◆ **WHAT YOU NEED TO DO**
Leave out the pictures and repeat the entries below verbatim.

<<<<

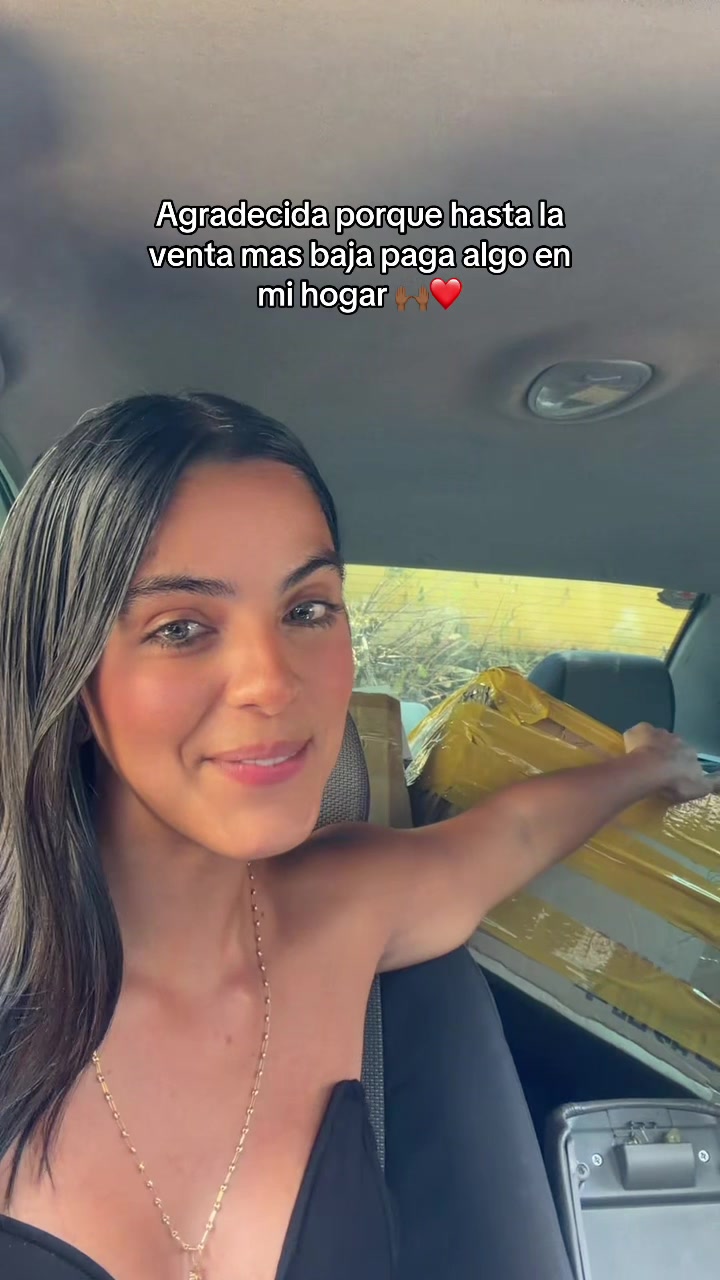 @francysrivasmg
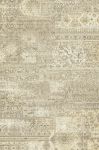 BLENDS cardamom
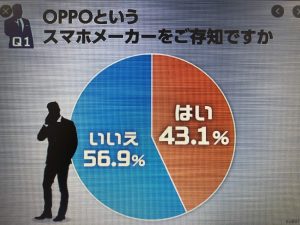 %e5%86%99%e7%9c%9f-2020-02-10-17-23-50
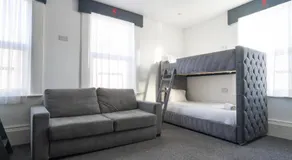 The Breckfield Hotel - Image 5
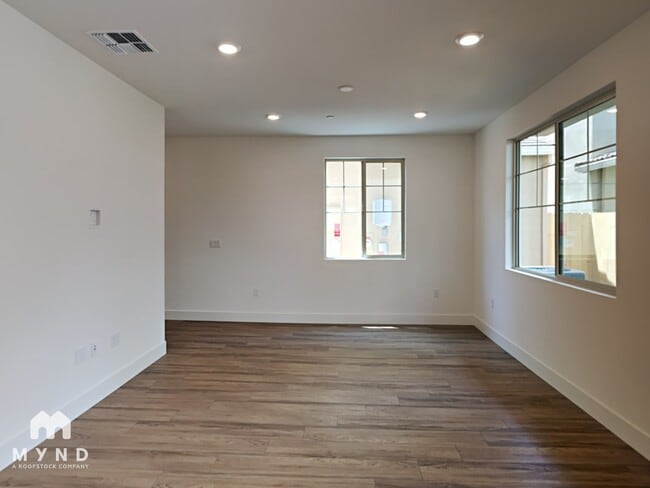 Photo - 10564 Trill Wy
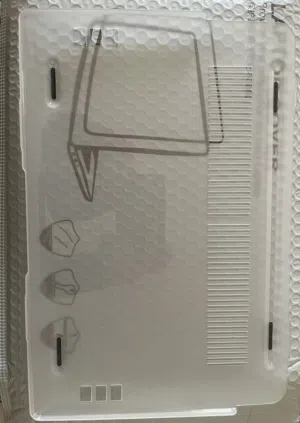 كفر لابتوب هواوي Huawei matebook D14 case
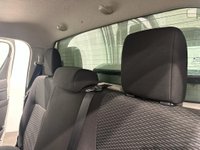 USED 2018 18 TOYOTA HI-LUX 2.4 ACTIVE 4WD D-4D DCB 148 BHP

>>>>

◆ **RESULT**
 @francysrivasmg
 BLENDS cardamom
 %e5%86%99%e7%9c%9f-2020-02-10-17-23-50
 The Breckfield Hotel - Image 5
 Photo - 10564 Trill Wy
 كفر لابتوب هواوي Huawei matebook D14 case
 USED 2018 18 TOYOTA HI-LUX 2.4 ACTIVE 4WD D-4D DCB 148 BHP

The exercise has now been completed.